'''
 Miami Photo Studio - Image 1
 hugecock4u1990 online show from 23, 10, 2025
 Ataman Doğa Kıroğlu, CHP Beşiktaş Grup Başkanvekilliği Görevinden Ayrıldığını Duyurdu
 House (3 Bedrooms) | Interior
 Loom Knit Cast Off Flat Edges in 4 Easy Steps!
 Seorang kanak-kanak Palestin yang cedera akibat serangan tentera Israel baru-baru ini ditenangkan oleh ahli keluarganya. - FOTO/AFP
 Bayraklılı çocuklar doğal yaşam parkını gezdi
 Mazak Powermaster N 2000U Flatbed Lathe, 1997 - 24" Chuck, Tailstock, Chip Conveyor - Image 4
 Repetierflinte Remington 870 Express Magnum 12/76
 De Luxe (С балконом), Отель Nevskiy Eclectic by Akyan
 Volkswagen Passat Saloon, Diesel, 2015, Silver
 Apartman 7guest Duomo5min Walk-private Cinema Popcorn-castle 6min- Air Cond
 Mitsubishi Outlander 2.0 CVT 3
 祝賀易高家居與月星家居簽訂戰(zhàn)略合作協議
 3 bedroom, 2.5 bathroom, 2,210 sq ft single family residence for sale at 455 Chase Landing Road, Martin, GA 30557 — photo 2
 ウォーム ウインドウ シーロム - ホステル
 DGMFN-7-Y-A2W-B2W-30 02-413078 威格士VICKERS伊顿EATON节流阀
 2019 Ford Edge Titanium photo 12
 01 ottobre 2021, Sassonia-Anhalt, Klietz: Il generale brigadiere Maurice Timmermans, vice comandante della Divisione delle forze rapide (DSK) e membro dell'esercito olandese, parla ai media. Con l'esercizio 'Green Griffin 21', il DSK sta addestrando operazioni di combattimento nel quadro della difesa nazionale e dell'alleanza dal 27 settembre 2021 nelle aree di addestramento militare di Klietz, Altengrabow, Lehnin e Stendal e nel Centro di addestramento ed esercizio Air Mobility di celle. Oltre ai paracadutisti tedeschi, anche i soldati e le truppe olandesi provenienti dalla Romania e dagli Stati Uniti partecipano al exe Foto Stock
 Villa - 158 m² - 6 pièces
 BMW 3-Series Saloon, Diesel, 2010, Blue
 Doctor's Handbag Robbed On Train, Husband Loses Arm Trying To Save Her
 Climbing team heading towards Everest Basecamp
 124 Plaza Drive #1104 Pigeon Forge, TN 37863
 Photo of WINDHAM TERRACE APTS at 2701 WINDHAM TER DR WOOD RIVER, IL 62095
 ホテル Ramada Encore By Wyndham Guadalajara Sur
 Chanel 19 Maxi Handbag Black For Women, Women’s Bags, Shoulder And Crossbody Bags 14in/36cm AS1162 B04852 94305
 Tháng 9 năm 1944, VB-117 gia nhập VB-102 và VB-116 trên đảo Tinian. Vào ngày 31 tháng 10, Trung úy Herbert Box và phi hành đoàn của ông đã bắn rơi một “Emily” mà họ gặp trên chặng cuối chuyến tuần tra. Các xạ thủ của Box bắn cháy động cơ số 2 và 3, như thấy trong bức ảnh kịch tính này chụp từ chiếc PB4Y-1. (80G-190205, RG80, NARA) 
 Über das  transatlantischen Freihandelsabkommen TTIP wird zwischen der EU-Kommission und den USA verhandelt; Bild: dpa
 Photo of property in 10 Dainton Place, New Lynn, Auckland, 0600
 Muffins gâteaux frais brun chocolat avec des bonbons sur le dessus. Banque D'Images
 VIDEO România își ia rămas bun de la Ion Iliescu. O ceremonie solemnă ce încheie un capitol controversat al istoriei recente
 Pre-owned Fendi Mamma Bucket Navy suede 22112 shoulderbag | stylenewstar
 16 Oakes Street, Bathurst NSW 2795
'''
ABOUT THIS EXERCISE: Output, unchanged, the lines of the listing above from the first one through the one holding "Loom Knit Cast". Leave out every line after it.

SOLVED PROBLEM:
 Miami Photo Studio - Image 1
 hugecock4u1990 online show from 23, 10, 2025
 Ataman Doğa Kıroğlu, CHP Beşiktaş Grup Başkanvekilliği Görevinden Ayrıldığını Duyurdu
 House (3 Bedrooms) | Interior
 Loom Knit Cast Off Flat Edges in 4 Easy Steps!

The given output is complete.